Que la Comédie Française ait osé reprendre les Corbeaux de Becque, l’Hedda Gabler d’Ibsen, voilà le signe que ces pièces depuis longtemps ne sont plus explosives. On touche, on retourne ces armes à feu désormais déchargées; on les admire certes, mais avec l’étonnement qu’elles aient pu faire peur.
Les Corbeaux nous aident à comprendre que ce que nos pères appelaient Naturalisme, ce fut le Romantisme continué. Toute la pièce tient dans un contraste énorme: le bloc des hommes d’affaires sans entrailles s’oppose au troupeau gémissant de leurs victimes. Tout blanc, tout noir; tout bon, tout méchant. Pas le moindre mouvement d’humanité, pas un signe de faiblesse chez les rapaces; –et si, du côté des anges, une jeune fille cède trop tôt à son fiancé indigne, c’est par surabondance de sentiment et, délaissée, elle deviendra folle. Les autres: la pauvre maman désarmée, l’enfant si douce qui se dévoue jusqu’à épouser le plus répugnant de leurs ennemis, vont aussi loin dans l’innocence et dans la niaiserie que les hommes d’affaires dans l’implacabilité. Il se peut que cette espèce de femmes ait été plus nombreuse naguère qu’aujourd’hui: les corbeaux n’épouvanteraient plus la génération aux manteaux d’homme et aux cheveux courts. Mais, même du temps de Becque, vit-on jamais veuve et orphelins dans un tel délaissement? Hé quoi! pas un seul ami désintéressé auprès d’eux? Et ce fils qui choisit ce moment pour s’engager et pour disparaître! J’entends bien que, sans ces invraisemblances, il n’y aurait pas de pièce: le théâtre est d’abord convention. N’est-il que convention? Becque a écrit des conventions du théâtre qu’elles sont “l’art dramatique même” et il ajoute (dans une page inédite communiquée au Figaro par M. Louis Barthou): “Diderot a prétendu quelque part qu’une pièce de théâtre devait être faite pour les personnages qui la jouent et non pour les spectateurs qui l’écoutent. Erreur! erreur complète! Ecrite pour les personnages seuls, une pièce de théâtre n’en serait plus une; elle ne demanderait ni ordre, ni clarté, ni développements; encore bien moins aurait-elle besoin de style. Une pièce de théâtre –et de toutes les conventions c’est sans doute la plus grande– est faite par les personnages pour les spectateurs. L’auteur, du même coup, et inconsciemment en quelque sorte, conduit la scène et la salle; il combine ce que l’une doit dire et ce que l’autre doit entendre; tout l’art dramatique est dans cet accord entre les deux.”
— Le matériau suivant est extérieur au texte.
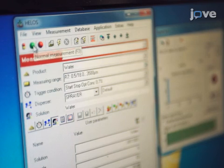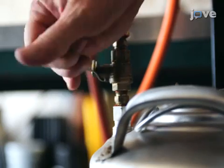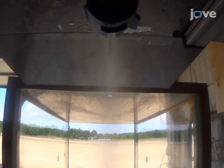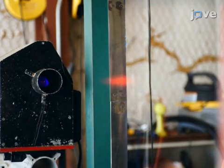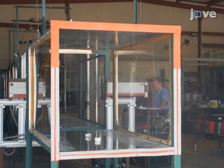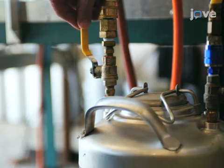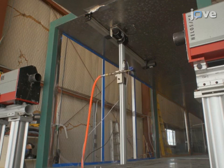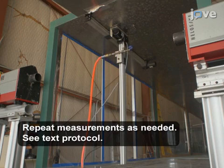Continue by initiating a measurement cycle. When the system is ready, open the liquid feed valve from the pressure tank. Once the spray starts, use the traverse mechanism to lower the nozzle until the entire spray plume has passed through the laser diffraction system's measurement zone. After the measurement, close the liquid feed valve. Then return the nozzle to its highest possible position in order to repeat the reference and plume measurements.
Cet homme qui avait si profondément réfléchi sur son art, là où un écrivain d’aujourd’hui discerne un péril, voyait une nécessité à laquelle il ne lui coûtait guère de se soumettre. Diderot, nous semble-t-il, avait bien posé la question. L’art dramatique n’est si déchu que parce que cet accord à réaliser entre la scène et la salle, voilà longtemps que es auteurs l’ont dénoncé: ils ne s’inquiètent plus que de la salle. Le demi-échec de ceux qui, ces dernières années, consacrèrent leurs efforts à la rénovation du théâtre, et qui étaient avant tout des metteurs en scène, vient selon nous de ce qu’ils ont négligé l’essentiel ou, tout au moins, de ce qu’ils n’ont pas su découvrir ni jouer assez de pièces dont les personnages eussent vécu d’une vie propre et se fussent imposés aux spectateurs comme s’imposent aux lecteurs les héros de Dostoiewsky et de Proust.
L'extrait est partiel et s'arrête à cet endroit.